The speed in which we have to complete the work is a challenge - you have to hit targets quickly. Making deadlines is really tricky, especially if it is a live show, so you have to make sure you are on top of everything you need to do.
It can also be challenging to try and do something ‘different’ with a creative piece because of the time pressure. I try to work in cycles with what I use on the software - to break it up a little. Trying to develop my creativity as a professional, with the time I have, I can sometimes find it quite frustrating – sometimes you have to sacrifice creativity for time.
Apprenticeships can be a good idea – not everybody feels that university is the right path for them. Although, in my experience, I can say that the Sports Journalism degree I studied at Central Lancashire is one to go for.
I also think that work experience is important. In terms of working within Media, you can’t just sit through three years of university and think there will be a job for you. You have to spend your evenings writing match reports, having early starts filming training somewhere, or travelling from one end of the country to the other to cover a match.
Journalism and Media are constantly changing – it isn’t just print anymore – so any media course is a good starting point. I studied a media course at college and would recommend to go ‘general’ to start with (i.e. study a broad range of topics) and then once you know what area of media you want to pursue, look to focus on that area in higher education.
Get ready for some hard work and be prepared to sacrifice some of your social life!
Remember that nothing stands still – technology changes, football changes – so your role will forever be changing with it.
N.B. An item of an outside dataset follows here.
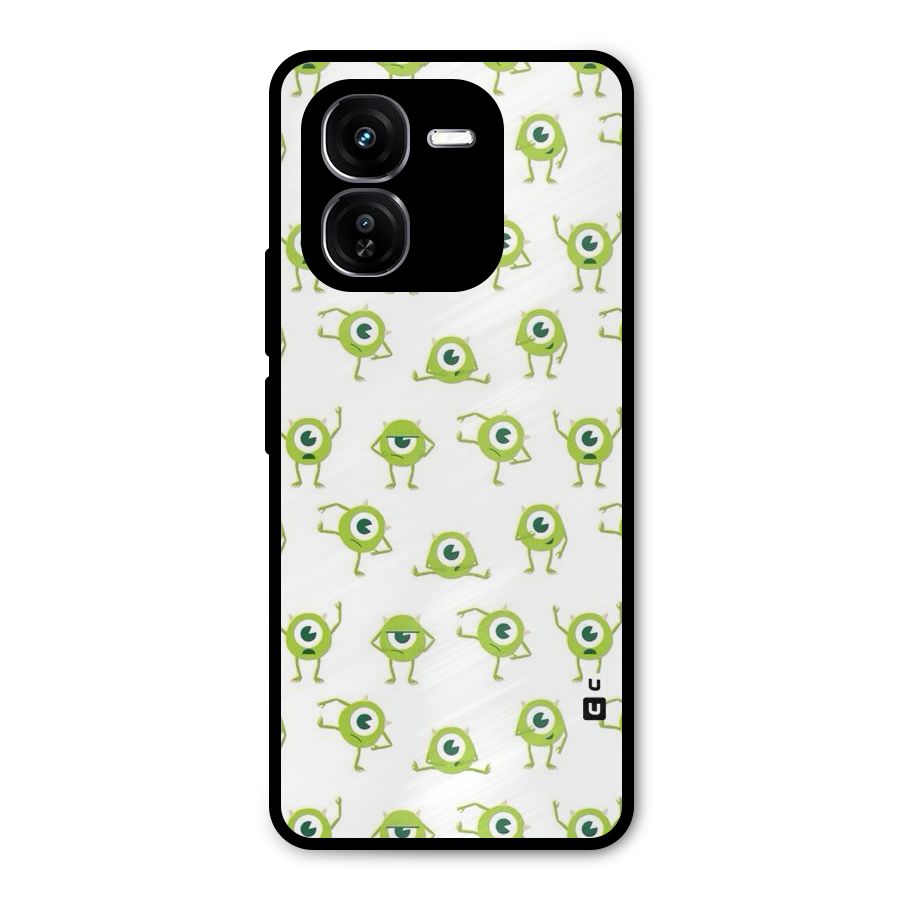 Crazy Green Maniac Metal Back Case for iQOO Z9x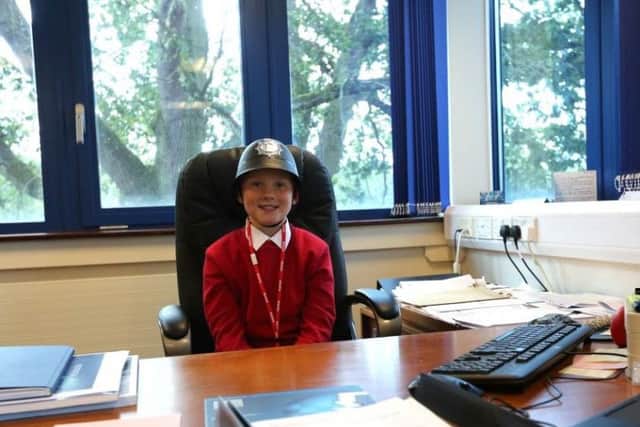 He was also given a tour of force headquarters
I see it as ‘every day is a school day’.
Finally, be confident. The Sports Journalism course I studied helped me build my confidence, as did my experience at West Ham United. I had just finished university and went into a team with strong characters and unfamiliar software to use, so I just got on with the work and built my confidence from there. By the time I had left West Ham United, I had come out of my shell.
I would like to move back in to producing. I originally looked at Producer jobs but I ended up in the Videographer/Multimedia roles, where you do have some producing leadership but it’s not a specific producer role.
I have elements of producing in my role now but primarily, I am an Editor. I’ll be honest, I haven’t missed filming in the rain but having the access to do more than just edit footage would be a nice career development.